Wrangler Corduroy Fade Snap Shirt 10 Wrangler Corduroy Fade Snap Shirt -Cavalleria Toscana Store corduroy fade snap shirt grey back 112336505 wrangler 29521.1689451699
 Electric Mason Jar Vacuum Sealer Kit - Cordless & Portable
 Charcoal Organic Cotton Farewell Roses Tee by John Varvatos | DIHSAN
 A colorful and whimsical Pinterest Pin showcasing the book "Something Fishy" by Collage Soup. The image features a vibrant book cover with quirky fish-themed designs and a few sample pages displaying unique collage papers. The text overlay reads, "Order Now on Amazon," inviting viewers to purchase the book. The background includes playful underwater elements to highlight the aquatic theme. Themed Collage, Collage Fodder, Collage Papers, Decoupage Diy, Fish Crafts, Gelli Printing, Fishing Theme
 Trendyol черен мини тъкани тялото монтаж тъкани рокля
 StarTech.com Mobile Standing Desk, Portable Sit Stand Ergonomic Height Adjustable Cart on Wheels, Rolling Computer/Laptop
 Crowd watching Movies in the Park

---

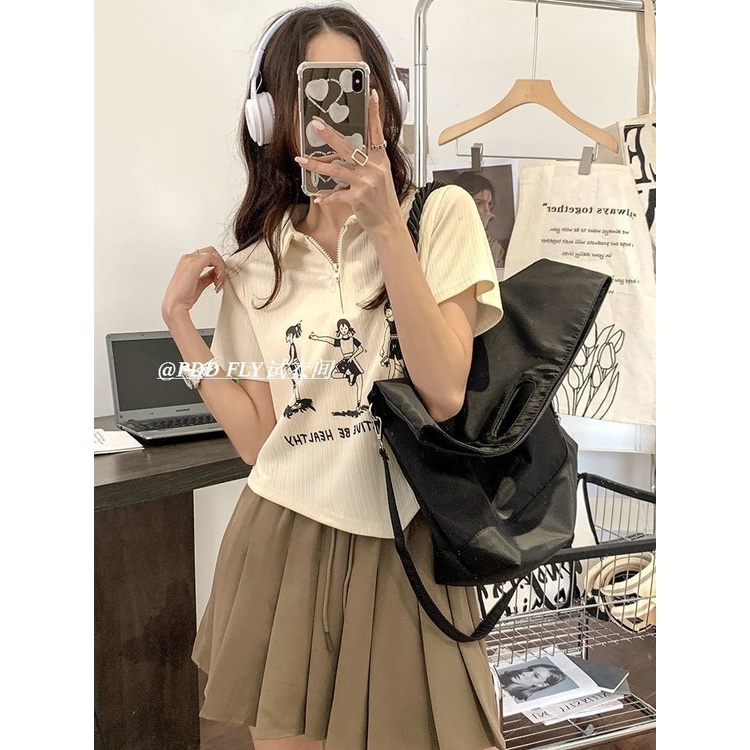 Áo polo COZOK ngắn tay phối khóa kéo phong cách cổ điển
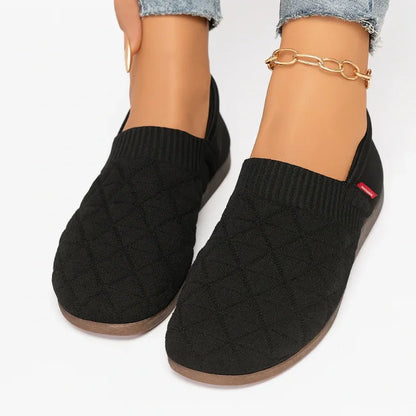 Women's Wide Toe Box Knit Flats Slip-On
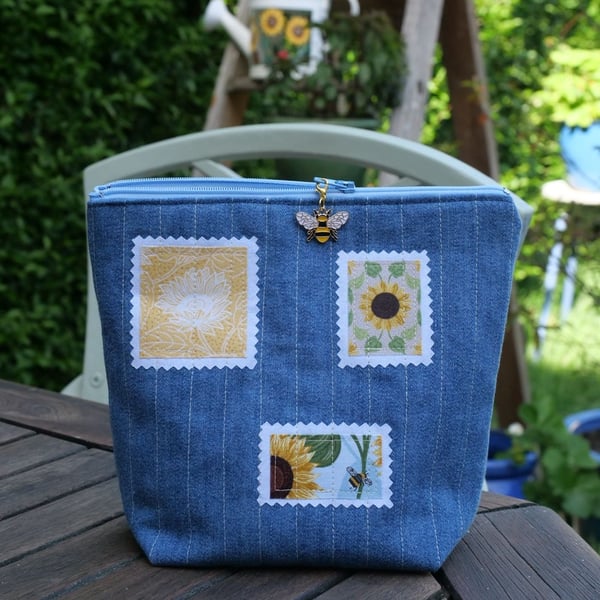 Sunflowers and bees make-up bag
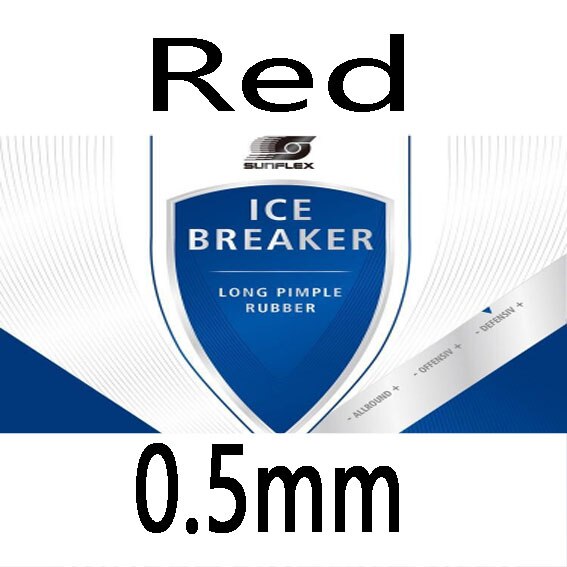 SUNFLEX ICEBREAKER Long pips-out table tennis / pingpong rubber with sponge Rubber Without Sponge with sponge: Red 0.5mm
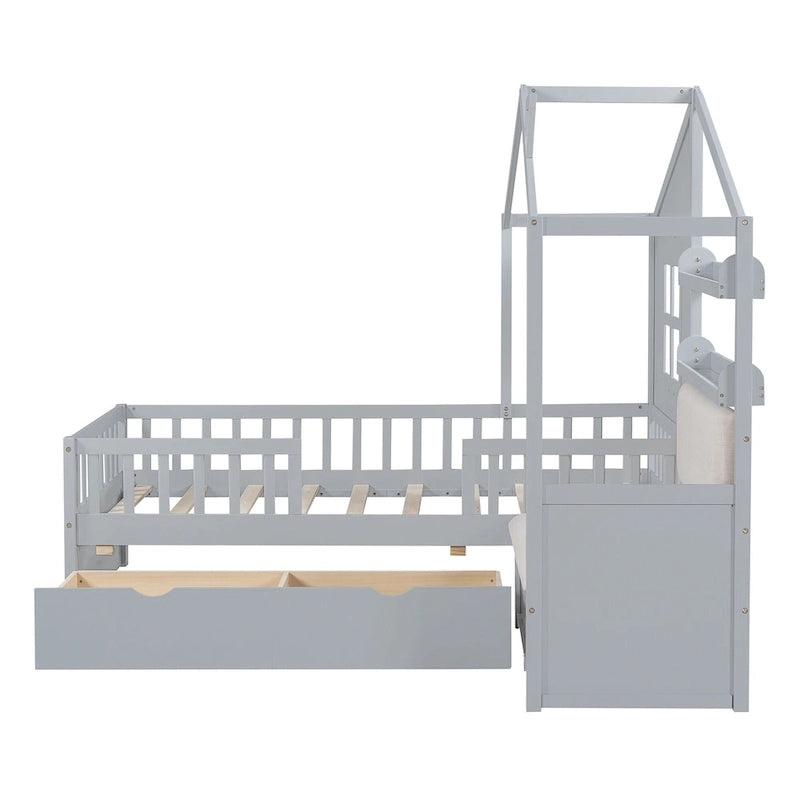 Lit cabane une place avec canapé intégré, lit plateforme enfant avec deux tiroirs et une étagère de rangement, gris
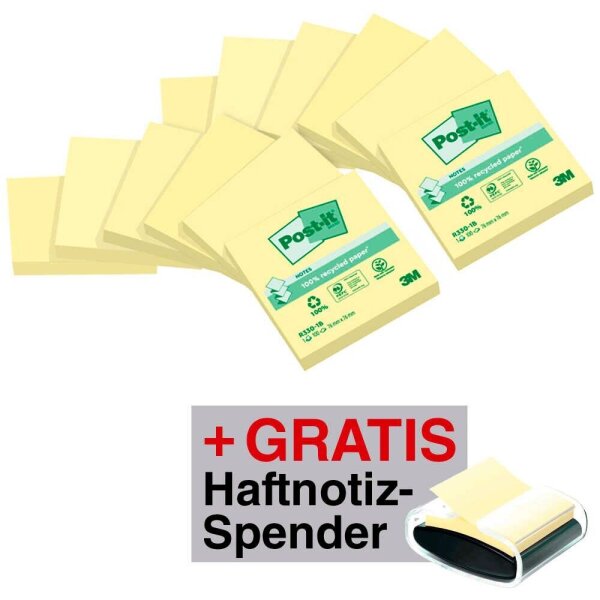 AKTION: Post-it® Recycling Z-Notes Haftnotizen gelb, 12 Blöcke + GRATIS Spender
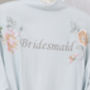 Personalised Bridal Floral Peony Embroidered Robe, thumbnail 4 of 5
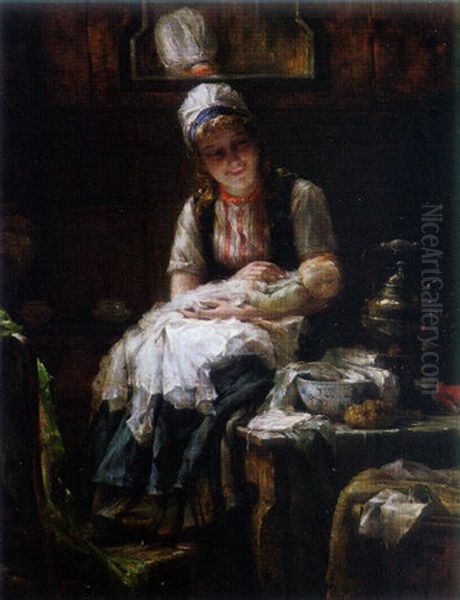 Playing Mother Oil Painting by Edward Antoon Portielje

---

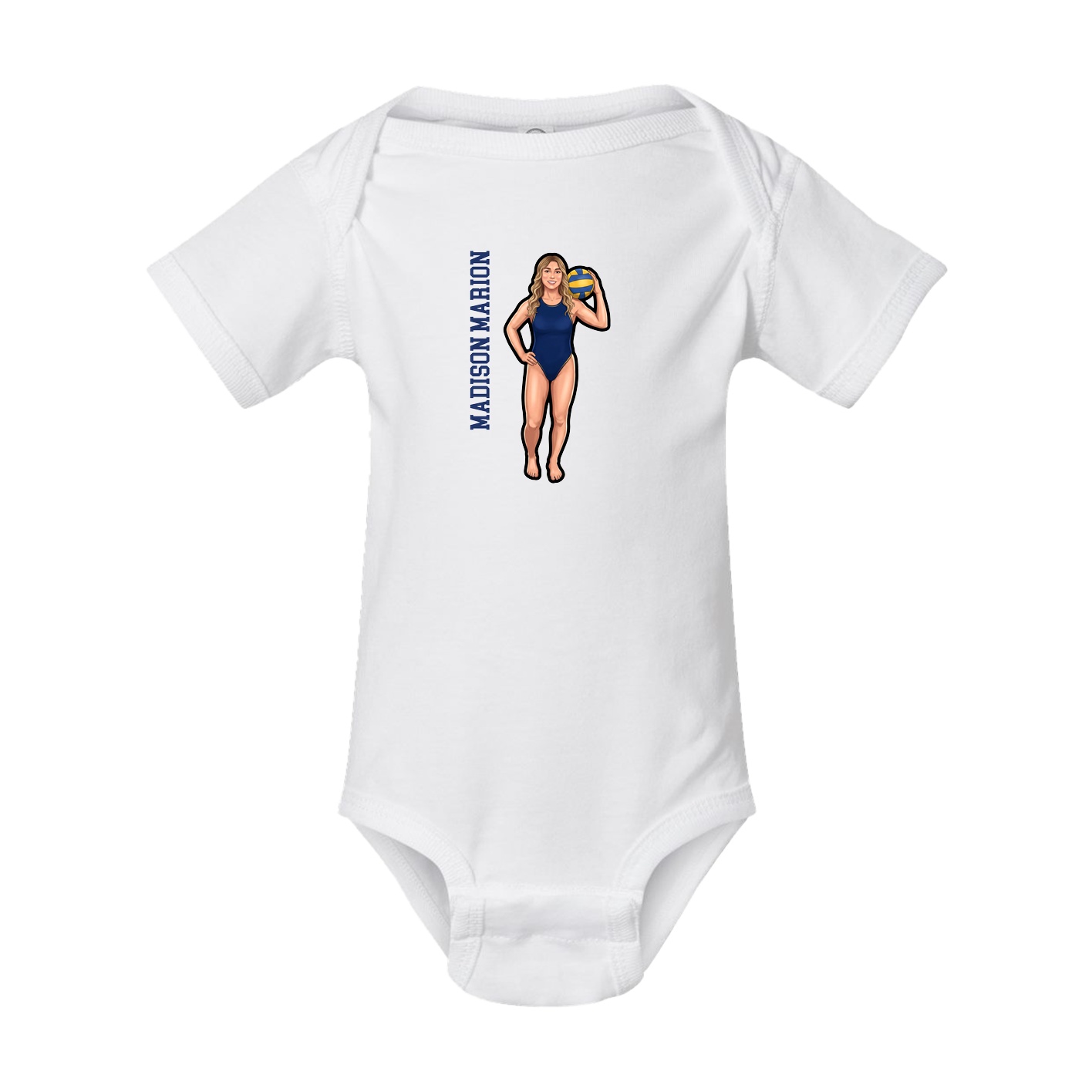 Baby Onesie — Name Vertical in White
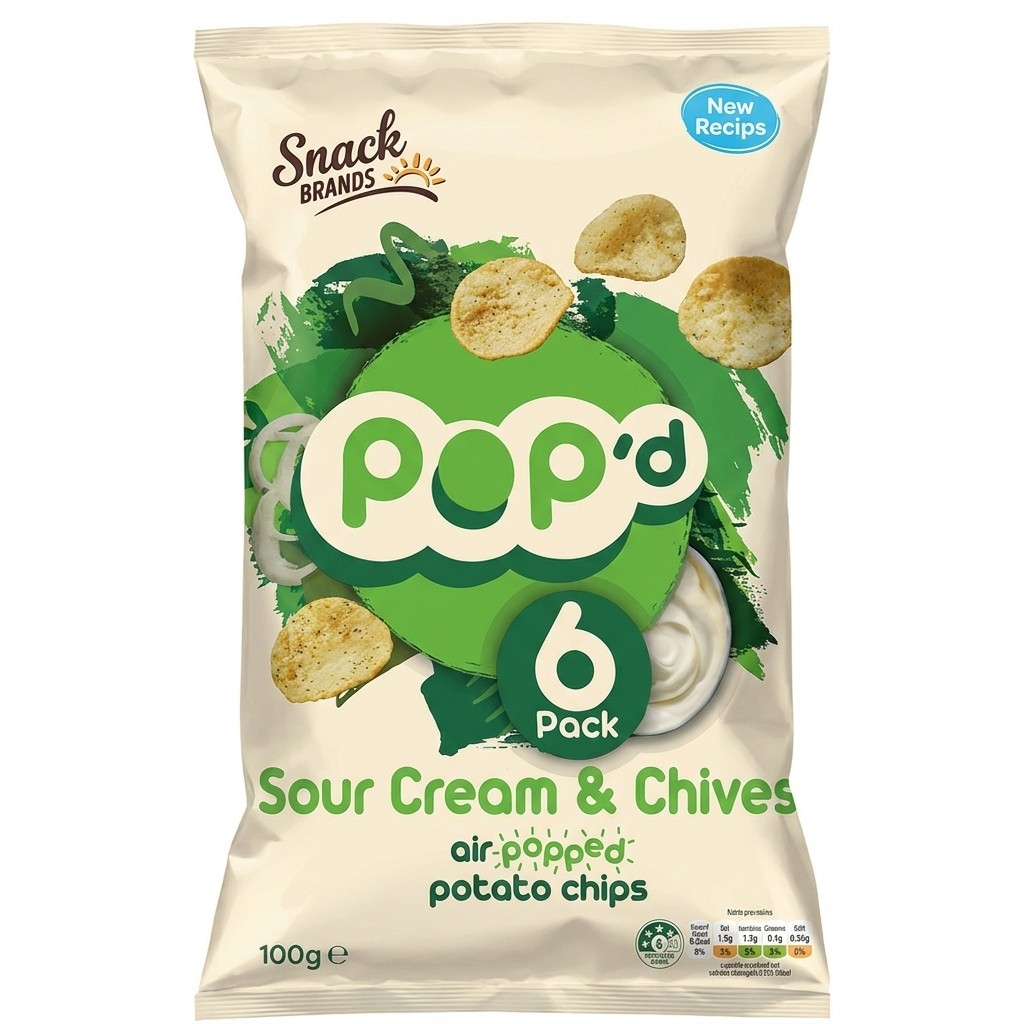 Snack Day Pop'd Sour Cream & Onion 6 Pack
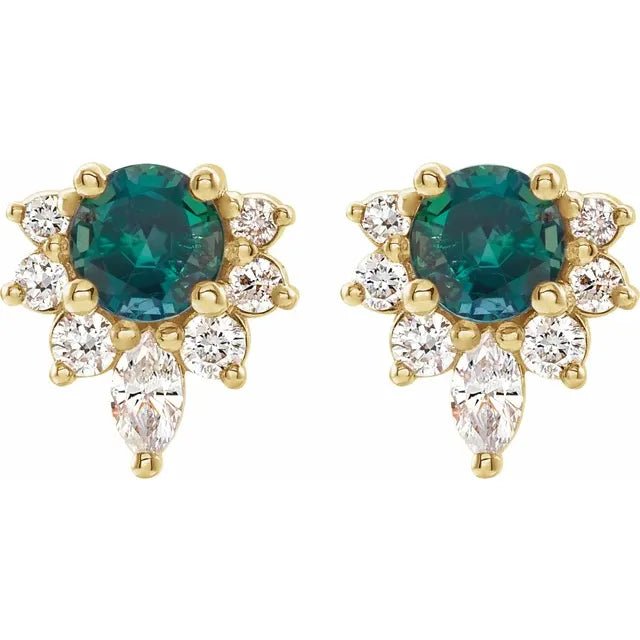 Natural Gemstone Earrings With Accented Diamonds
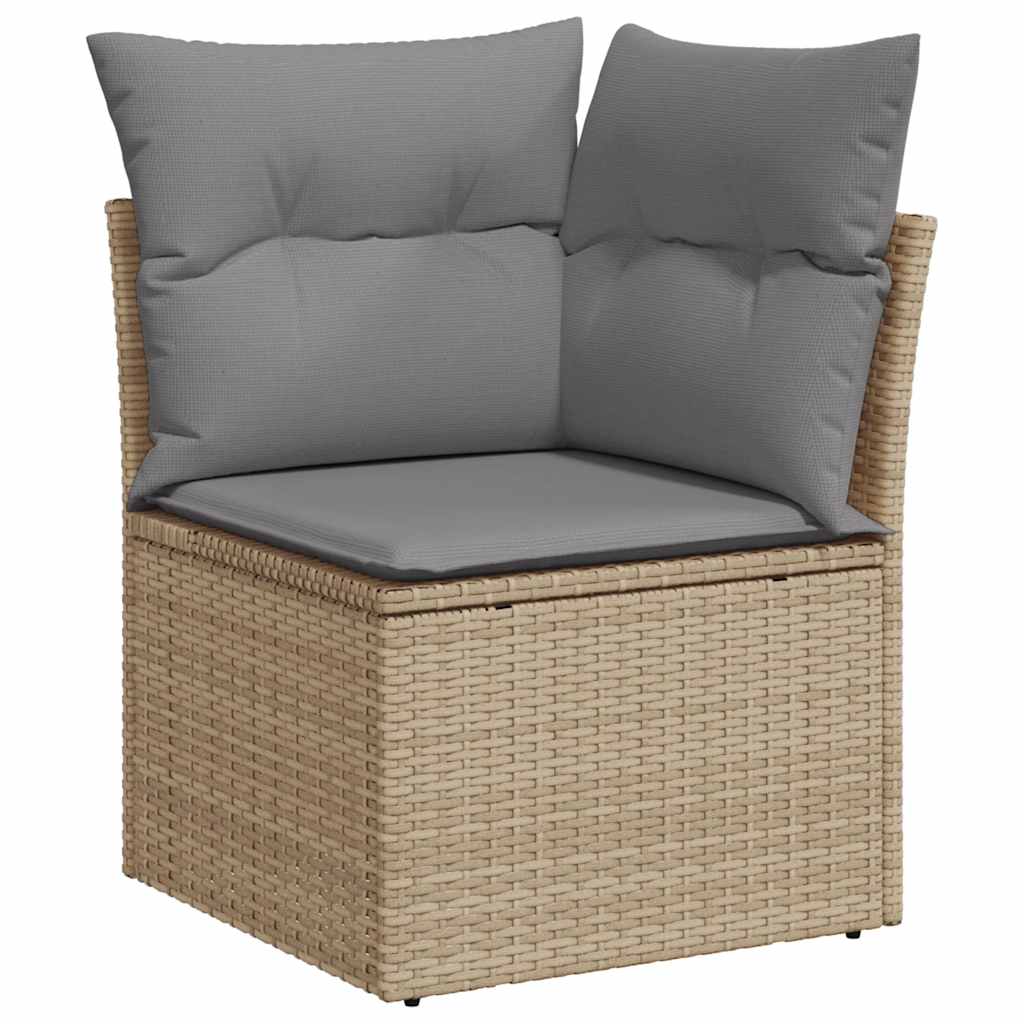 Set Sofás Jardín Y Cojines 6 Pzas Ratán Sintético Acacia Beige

**Exercise requirements**
Print exactly the lines above that run from the one with "Baby Onesie — Name Vertical in White" to the one with "Set Sofás Jardín", both included. No pictures.

**Task response**
 Baby Onesie — Name Vertical in White
 Snack Day Pop'd Sour Cream & Onion 6 Pack
 Natural Gemstone Earrings With Accented Diamonds
 Set Sofás Jardín Y Cojines 6 Pzas Ratán Sintético Acacia Beige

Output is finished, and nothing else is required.